Today, as a born-again believer, I could talk about death all day. In fact, the thought of dying actually makes me excited because, like Jesus, I think of it as the way to get home to my Dad and to all those who love him and love me. Maybe the older you get, the more amenable death becomes. Or maybe the more I get to know about heaven, the more I want to be there.

We know from Jesus, Paul, David and others that heaven is so amazing, it’s worth any amount of suffering during this lifetime. God has shown me what awaits me in heaven if I, as Jesus puts is, “endure to the end”, and there’s nothing on Earth that comes even remotely close to what I’ve seen. Not that heaven is completely different from Earth – not at all! – it’s the perfection of what we know and love here on Earth that makes it so wonderful.
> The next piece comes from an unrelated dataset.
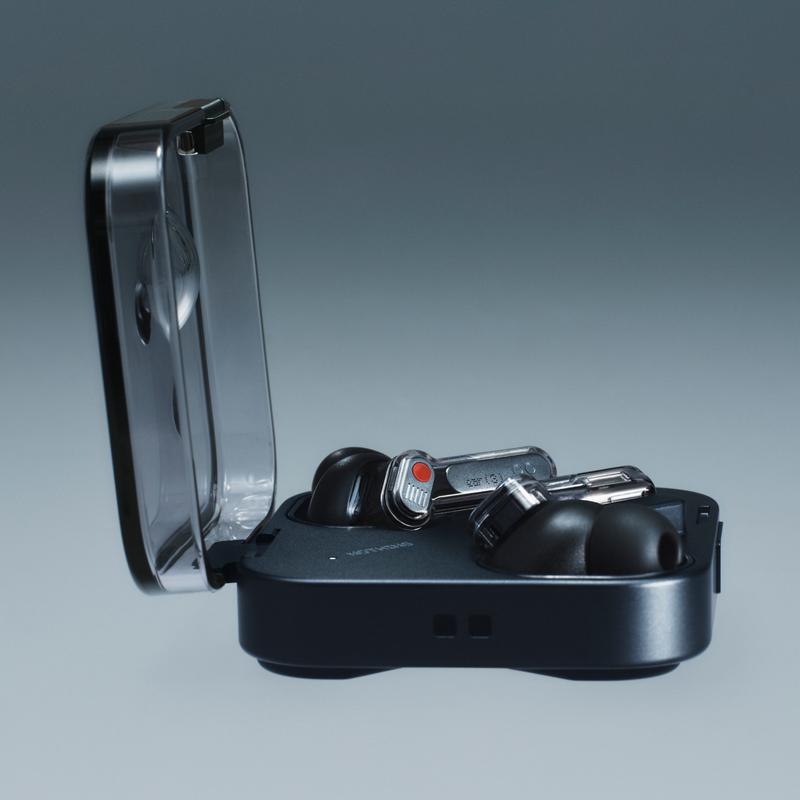 Nothing Ear (3) Wireless Earbuds with 95dB Super Mic Dual MEMS Beamforming Mics Adaptive Noise Cancellation & Hi-Res LDAC Audio 12mm Driver IP54 Splash Resistant Voice Control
You shouldn’t talk about death without talking about heaven, because the thought of heaven erases all fear of death and makes the suffering endurable. It also puts death in the correct context – that of being a transition phase from life on Earth to life in heaven rather than a punishment or a failure (which is how the world tends to view it). This is what I was missing for me as an atheist, and what made death so fearsome and unmentionable. There was no vision of heaven to temper the pain and horror that I used to anticipate were the main characteristics of death. As a child, everything I knew about death I’d learned from horror movies.

We need to talk about death every day, openly and cheerfully, like Jesus did. We don’t need to dwell on death, but we do need to remember that it can happen at any time, and when it does, our soul needs to be ready for heaven, not primed for hell. Am I looking forward to the physical suffering that might accompany my transition from this world to the next? No, not at all. I’m not a masochist. I don’t seek out pain for the sake of it, hoping that my contrived suffering will atone for something I or someone else did. God’s justice doesn’t work that way (just ask him; he’ll tell you). Jesus wasn’t a masochist, either. The last thing he wanted to do was to suffer physically, but he accepted that, as the Messiah, suffering was his lot. At the same time, he also had faith that God would get him through it as quickly as possible. And so God did.
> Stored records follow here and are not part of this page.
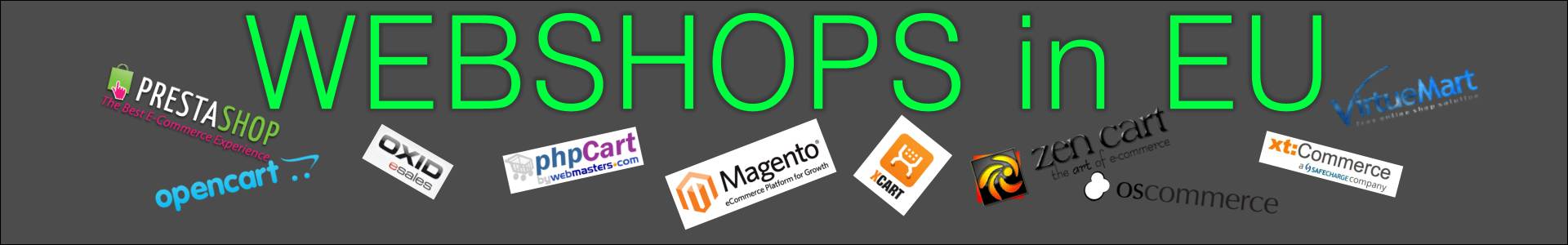 Webshop in der EU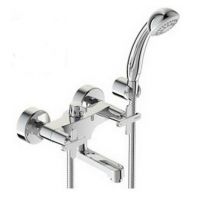 Смеситель для ванны с душем Vidima Арт BA328AA двухвентильный Смеситель для ванны с душем Vidima Арт BA328AA двухвентильный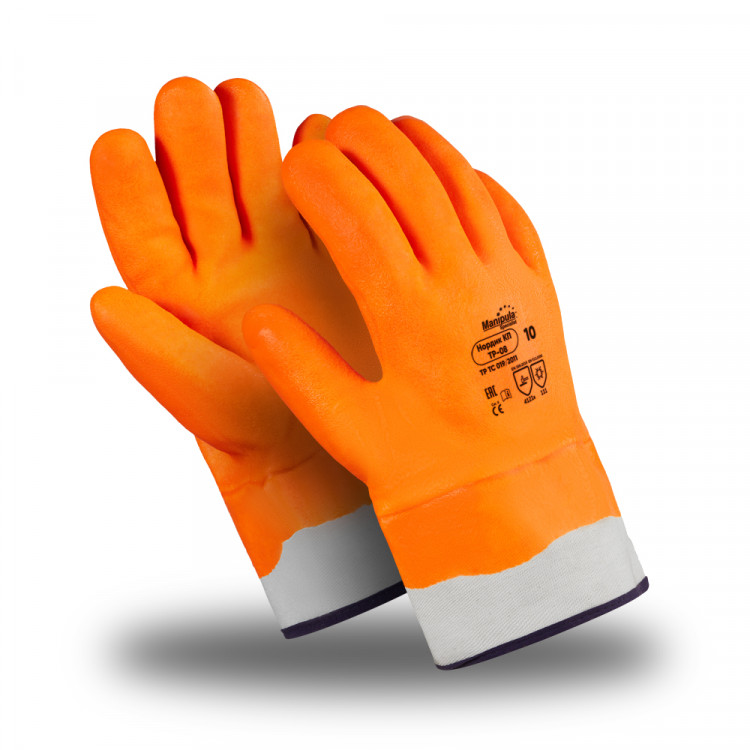 Перчатки Manipula Specialist® ик КП (джерси+пенополиуретан+ПВХ), ТР-08/WG-785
If God let me know that I had just one more day to live, I would, first and foremost, immediately choose to forgive anyone and everyone I had anything against. I do that every day now, anyway, but I would be especially conscious of doing it if I knew that my time was almost up. Choosing to forgive those who’ve hurt you is the best way to stay closest to God. What I would do after that point would be up to God’s guidance and would be completely dependent on my physical location and abilities. I have no idea what God would advise me to do, but I would certainly do it the best I could, knowing God would be supporting me in my efforts.
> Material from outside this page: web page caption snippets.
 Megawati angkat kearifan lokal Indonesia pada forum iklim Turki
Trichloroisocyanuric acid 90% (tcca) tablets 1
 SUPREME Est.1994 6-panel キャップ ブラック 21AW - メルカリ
Come to think of it, maybe this is how we should live every day – continuously choosing to forgive and continuously asking God’s advice and taking it, knowing that he’ll support us. Maybe this is how we should live every day as if it’s our last. Jesus knew his time was coming, David knew his time was coming, Paul knew his time was coming, and maybe we will, too, but maybe not. Maybe just to be sure, we should adopt the “live every day as if it’s our last” mentality, continuously choosing to forgive and continuously following God’s advice, just as Jesus did. I can’t imagine there’s any other way to successfully “endure to the end”.